### About this task:
Starting with the line that contains "MBO美博热泵空气能空调1.5匹2p一级能效变频空气源热风机冷暖两用" and stopping after the line that contains "cd/m, 1,5 М:1 )", copy the entries below exactly. Include nothing else.

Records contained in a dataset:
▽

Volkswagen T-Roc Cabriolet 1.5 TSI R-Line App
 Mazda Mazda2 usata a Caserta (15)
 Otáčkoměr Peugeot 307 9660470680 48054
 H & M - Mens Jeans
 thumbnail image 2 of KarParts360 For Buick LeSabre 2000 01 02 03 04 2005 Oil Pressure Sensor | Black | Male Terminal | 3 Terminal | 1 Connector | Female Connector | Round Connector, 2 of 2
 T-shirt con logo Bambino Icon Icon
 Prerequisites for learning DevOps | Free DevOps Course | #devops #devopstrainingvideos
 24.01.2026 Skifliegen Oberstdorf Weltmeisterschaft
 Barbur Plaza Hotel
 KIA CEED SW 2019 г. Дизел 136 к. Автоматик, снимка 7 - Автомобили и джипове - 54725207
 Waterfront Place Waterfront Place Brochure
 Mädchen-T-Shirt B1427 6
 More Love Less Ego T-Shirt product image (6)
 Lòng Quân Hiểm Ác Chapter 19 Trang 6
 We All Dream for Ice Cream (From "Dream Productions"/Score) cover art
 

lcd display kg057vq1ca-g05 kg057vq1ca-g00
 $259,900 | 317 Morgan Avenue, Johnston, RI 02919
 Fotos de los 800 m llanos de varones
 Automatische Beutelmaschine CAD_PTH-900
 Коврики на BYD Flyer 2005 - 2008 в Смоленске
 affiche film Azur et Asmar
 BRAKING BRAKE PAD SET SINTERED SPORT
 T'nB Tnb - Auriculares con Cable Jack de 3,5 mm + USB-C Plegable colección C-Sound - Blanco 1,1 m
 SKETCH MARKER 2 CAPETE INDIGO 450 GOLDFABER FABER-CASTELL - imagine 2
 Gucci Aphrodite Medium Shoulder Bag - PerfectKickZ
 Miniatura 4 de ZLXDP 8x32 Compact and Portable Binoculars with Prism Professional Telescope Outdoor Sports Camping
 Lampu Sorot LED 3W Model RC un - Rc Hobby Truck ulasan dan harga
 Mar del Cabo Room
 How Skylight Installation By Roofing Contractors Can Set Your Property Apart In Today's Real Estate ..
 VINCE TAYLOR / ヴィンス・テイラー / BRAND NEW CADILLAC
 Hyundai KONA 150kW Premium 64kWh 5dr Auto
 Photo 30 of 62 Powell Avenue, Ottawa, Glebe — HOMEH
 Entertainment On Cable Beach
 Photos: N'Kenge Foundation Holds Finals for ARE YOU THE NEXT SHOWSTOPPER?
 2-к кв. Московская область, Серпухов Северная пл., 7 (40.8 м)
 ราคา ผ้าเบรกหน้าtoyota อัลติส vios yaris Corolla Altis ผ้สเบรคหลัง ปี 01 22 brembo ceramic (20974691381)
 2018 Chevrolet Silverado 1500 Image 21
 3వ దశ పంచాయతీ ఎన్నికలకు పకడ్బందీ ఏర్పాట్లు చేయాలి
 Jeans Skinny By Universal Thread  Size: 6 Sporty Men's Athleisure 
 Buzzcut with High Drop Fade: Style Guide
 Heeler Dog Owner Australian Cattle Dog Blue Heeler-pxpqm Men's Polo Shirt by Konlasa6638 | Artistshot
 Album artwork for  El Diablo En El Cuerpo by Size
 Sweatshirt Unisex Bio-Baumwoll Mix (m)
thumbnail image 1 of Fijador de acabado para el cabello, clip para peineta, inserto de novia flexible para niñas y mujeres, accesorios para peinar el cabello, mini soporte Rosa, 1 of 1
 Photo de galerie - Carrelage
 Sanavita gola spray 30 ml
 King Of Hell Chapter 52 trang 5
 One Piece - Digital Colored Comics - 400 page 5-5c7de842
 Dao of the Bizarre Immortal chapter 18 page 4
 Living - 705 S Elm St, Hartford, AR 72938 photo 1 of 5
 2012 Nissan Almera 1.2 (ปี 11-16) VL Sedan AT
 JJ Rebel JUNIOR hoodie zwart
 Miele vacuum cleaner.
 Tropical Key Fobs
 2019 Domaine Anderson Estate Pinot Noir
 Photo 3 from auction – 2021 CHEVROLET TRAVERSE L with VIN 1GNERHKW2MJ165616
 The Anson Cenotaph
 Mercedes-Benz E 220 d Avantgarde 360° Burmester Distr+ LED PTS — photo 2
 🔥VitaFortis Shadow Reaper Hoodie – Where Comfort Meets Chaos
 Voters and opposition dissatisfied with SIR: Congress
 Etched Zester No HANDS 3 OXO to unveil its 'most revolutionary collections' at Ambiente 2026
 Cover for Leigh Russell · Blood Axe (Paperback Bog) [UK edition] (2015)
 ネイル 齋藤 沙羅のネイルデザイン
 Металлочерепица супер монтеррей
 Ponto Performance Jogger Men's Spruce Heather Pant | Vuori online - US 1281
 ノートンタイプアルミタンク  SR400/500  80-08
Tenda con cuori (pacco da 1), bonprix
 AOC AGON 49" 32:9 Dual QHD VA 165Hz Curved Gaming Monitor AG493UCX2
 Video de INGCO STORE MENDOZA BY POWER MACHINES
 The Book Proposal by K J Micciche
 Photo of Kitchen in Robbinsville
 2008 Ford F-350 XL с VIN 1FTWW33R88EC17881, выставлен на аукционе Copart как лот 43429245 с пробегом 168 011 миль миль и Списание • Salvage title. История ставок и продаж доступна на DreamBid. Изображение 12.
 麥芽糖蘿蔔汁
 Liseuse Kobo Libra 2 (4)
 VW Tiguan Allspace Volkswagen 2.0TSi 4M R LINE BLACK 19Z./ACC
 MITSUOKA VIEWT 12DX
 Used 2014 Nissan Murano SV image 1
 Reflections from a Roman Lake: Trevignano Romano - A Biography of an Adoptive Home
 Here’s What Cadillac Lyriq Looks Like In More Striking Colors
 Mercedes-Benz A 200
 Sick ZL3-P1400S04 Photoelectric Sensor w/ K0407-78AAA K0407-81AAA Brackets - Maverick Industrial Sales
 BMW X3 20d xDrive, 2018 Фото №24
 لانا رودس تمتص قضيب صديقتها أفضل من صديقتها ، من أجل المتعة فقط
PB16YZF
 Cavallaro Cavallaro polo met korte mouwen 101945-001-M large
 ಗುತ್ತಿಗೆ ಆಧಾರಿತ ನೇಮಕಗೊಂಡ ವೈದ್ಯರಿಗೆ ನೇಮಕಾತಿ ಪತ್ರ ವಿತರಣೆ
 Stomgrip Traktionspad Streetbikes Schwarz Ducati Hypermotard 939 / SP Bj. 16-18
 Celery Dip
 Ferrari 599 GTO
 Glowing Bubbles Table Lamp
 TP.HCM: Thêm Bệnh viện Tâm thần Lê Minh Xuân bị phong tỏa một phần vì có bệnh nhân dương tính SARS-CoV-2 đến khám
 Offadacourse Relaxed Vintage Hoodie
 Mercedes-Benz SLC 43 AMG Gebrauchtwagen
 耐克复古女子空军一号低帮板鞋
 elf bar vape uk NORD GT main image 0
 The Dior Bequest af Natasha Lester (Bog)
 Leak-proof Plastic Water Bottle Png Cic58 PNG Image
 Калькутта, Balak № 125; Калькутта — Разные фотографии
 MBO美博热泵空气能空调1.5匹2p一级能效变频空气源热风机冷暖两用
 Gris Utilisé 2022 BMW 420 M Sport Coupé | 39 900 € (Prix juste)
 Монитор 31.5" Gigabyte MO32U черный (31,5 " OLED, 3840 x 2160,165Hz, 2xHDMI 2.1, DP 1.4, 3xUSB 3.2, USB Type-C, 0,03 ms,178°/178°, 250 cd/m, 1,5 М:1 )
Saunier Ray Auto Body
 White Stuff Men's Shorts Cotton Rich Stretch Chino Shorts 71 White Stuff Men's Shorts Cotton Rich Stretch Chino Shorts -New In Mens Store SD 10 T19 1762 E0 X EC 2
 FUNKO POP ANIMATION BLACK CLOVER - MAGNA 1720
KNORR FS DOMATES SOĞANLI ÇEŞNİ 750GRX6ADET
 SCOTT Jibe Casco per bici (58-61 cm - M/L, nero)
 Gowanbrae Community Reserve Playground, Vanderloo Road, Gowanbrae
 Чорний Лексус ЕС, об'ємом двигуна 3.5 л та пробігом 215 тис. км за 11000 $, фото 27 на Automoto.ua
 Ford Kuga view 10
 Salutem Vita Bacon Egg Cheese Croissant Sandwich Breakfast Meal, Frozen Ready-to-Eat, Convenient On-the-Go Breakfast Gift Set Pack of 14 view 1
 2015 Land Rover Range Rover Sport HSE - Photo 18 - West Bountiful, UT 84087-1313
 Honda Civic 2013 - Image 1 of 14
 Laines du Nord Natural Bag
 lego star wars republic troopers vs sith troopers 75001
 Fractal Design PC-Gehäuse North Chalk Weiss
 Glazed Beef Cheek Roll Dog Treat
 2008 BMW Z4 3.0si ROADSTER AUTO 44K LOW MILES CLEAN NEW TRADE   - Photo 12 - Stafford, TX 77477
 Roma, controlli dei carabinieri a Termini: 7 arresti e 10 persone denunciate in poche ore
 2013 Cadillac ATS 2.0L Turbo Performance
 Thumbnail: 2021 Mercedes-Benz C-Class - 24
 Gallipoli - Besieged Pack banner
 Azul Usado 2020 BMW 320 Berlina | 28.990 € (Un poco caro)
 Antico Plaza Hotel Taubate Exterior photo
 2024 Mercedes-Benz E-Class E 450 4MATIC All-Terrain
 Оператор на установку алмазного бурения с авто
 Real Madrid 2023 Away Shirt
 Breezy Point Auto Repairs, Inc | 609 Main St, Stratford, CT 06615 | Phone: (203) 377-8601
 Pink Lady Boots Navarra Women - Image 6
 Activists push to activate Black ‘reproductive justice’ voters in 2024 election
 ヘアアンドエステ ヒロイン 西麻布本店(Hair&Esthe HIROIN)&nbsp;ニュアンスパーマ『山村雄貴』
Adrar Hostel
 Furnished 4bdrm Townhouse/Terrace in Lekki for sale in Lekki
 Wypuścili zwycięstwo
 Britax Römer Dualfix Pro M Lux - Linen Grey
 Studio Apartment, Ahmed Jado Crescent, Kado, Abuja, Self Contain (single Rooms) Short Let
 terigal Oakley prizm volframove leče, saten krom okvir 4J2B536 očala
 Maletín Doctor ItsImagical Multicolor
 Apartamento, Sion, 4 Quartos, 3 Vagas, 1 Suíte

△

### Result for this task:
 MBO美博热泵空气能空调1.5匹2p一级能效变频空气源热风机冷暖两用
 Gris Utilisé 2022 BMW 420 M Sport Coupé | 39 900 € (Prix juste)
 Монитор 31.5" Gigabyte MO32U черный (31,5 " OLED, 3840 x 2160,165Hz, 2xHDMI 2.1, DP 1.4, 3xUSB 3.2, USB Type-C, 0,03 ms,178°/178°, 250 cd/m, 1,5 М:1 )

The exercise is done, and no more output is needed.